EXAMPLE 6. Solution Synthesis

Macromers can also be made by synthesis in solution. While requiring additional waste disposal, the solution synthesis is more easily controlled (compared to the melt synthesis of Example 1 or 2), and is preferred for most applications. This example also illustrates the practice of sequential addition of monomers; the method is also useful for simultaneous addition of monomers.

35KTLA was made by dissolving 75 g of 35kD (nominal) PEG in toluene to 20% w/w concentration, and was dried by nitrogen purge for 3 hours at 108° C. 3.06 G TMC (14 mole equivalents per PEG) and 0.024 g stannous octoate catalyst were added, and the solution was held at 108° C. for 4 hours with stirring. Then 0.46 g (1.5 equiv.) lactide was added, and stirring continued for 2 hrs. Then 300 ml toluene was added to give about a 10% wt/vol solution of polymer. After cooling the solution to about 50°, 4.6 g of triethylamine and 2.5 ml of acryloyl chloride were added. The solution was stirred for 20 min. at about 50. Acrylated macromer was recovered by precipitation and optionally filtration as described in Ex. 1 and 2. The resulting polymer contained 5 TMC residues and 1.2 lactate residues per PEG molecule, and ratios of lactate:acrylate of 0.6.
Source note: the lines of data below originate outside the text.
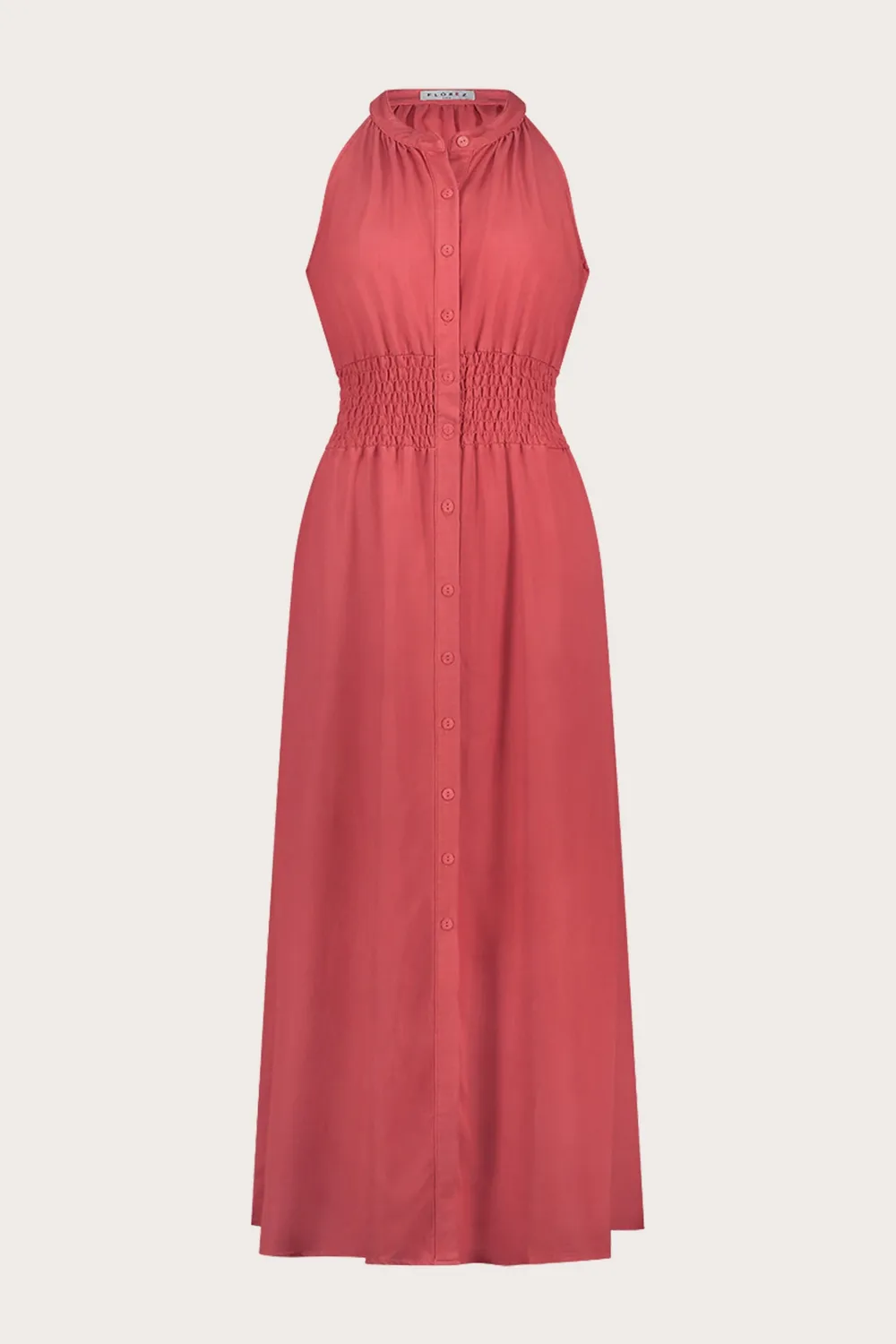Florez Coco maxi jurk poppy rood tencel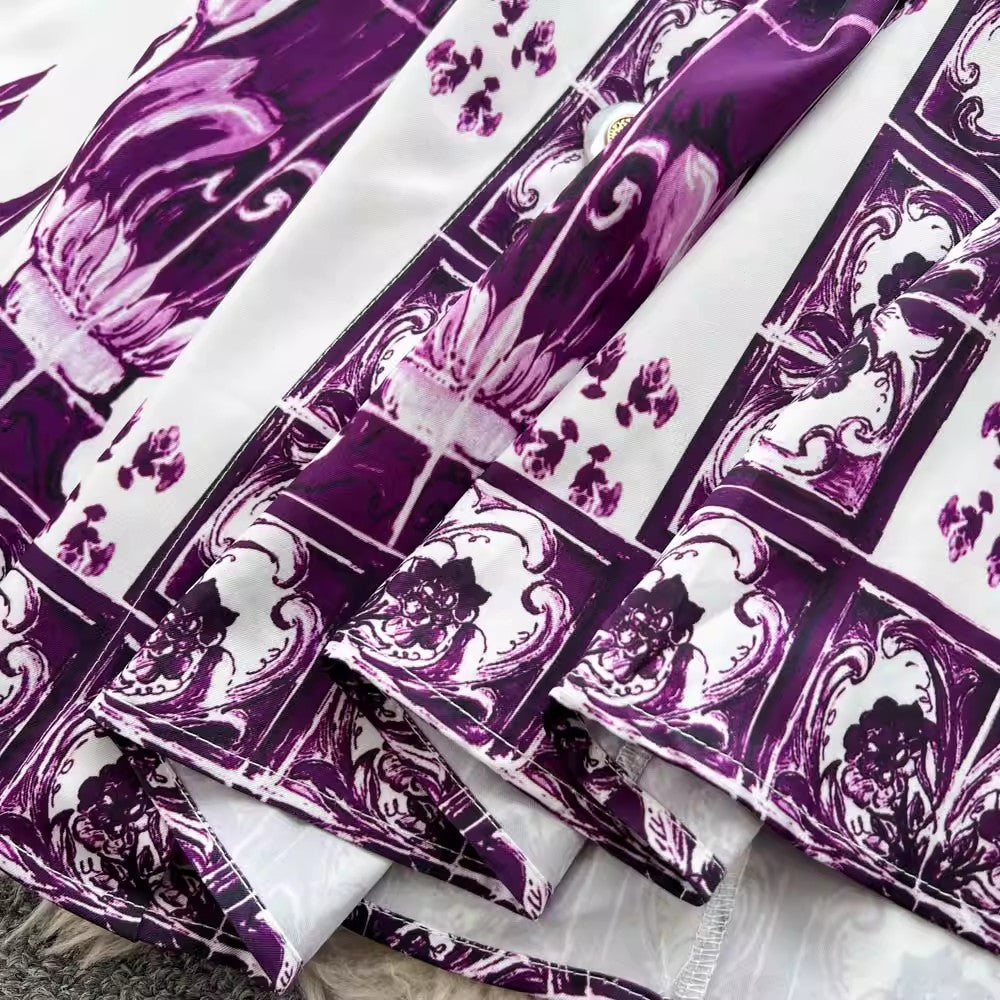 Summer Holiday Purple Flower Mini Dress Mini Dresses - Tophatter Daily Deals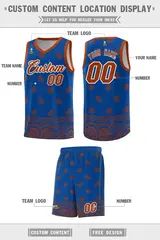 Royal Texas Orange Cashew Pattern Basketball Uniform Jersey 5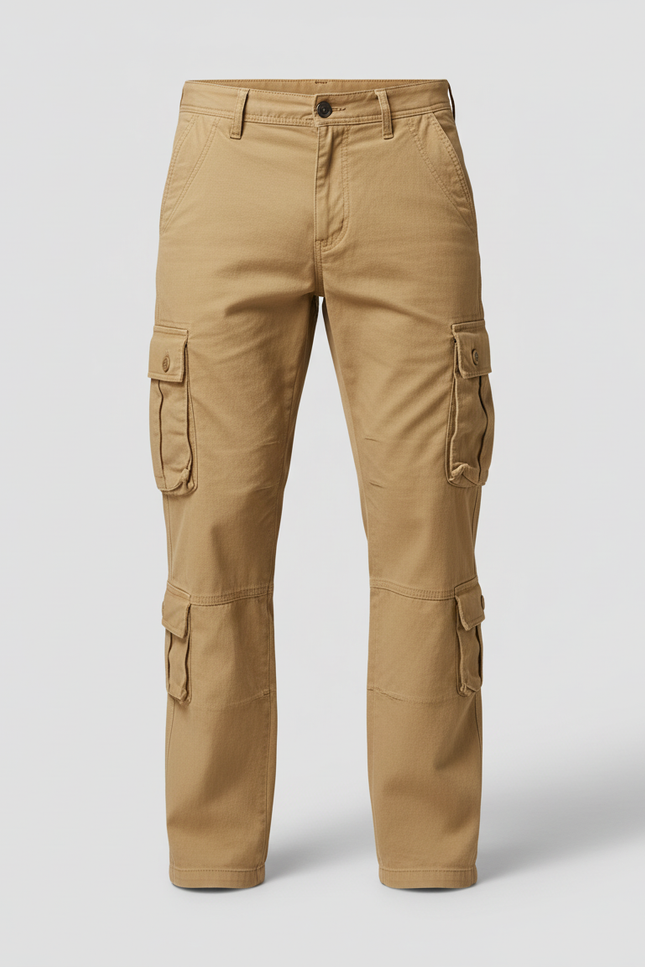 Pantalon Cargo Kaki Homme Ample Multipoches Décontracté - Toile - vue 3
EXAMPLE 7. In Vitro Degradation

35KTLA2 was synthesized as described in Example 6. The completed macromer had a TMC:PEG molar ratio of 3.57; an acrylate: PEG ratio of 1.52; a lactate: PEG ratio of 1.39; and contained 766 ppm TMC. On gel permeation chromatography, the macromer was 48.1% “monomer” (one PEG unit per macromer molecule), 46.3% “dimer” two PEG units per macromer molecule), 5.4% “trimer” and 0.1% higher oligomer.

Discs of the macromer were made as described in example 4 and were incubated in phosphate-buffered saline, pH 7.4, at 37° and 57°. At 57°, half of the mass was lost at about 140 hrs, while at 37°, half the mass was lost at about 42 days. Mass loss was determined by rinsing the specimen, drying to constant weight, and correcting for the amount of buffer and salt present.
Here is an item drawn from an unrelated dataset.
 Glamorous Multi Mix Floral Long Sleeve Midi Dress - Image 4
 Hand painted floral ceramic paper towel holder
EXAMPLE 8. Dioxanone-containing Macromers

Dioxanone (1,4-dioxan-2-one; p-dioxanone) was synthesized from DEG (diethylene glycol) essentially according to U.S. Pat. No. 2,807,629, Example 1. Two kilograms of DEG were mixed with 40 g. copper chromite (Aldrich) and heated at about 230° for 4 hours under nitrogen purge, which displaced generated hydrogen. Dioxanone and DEG were distilled from the mixture under vacuum at about 50° pot temperature. DEG was partially removed by extraction in cold (4°) diethyl ether. The partially purified material was dissolved in chloroform and applied to a silica column equilibrated in chloroform. Dioxanone was recovered in the initial fractions.
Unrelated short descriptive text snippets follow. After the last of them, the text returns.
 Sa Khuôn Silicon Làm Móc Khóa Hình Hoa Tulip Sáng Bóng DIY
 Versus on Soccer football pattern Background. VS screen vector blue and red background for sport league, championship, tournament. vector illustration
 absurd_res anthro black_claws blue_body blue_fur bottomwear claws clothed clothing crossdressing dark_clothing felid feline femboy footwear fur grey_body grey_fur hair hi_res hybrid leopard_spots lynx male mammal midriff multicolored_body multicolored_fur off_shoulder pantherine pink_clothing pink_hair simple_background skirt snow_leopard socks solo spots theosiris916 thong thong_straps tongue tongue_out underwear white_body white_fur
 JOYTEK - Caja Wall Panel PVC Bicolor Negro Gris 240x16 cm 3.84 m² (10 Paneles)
Macromer 35KDA was made by drying overnight (vacuum, 110°) 15 g of 35K PEG, 1.7 g dioxanone, and 0.01 g of catalyst (stannous octoate). This is a ratio of 21:1 D:PEG. Samples were also made at other amounts of D (1.0 g, 18:1, 0.84 g, 15:1, 1.34 g, 24:1). Vials were sealed and heated at 150 for 5 hrs. Samples were dissolved in chloroform; optionally precipitated in ether; and acrylated as described in previous examples. NMR showed final molar ratios in the synthesized polymer of D/PEG, 1.82; Ac/PEG, 1.64.

Macromer 35KDLA: To a mixture of 15 g PEG, 0.84 g Dioxanone and 0.01 g catalyst was also added 0.39 g d,l-lactide. A mixture was dried, then incubated at 185° overnight; dissolved in chloroform and precipitated in ether, filtered and vacuum-dried; and acrylated with excess acryloyl chloride and triethylamine.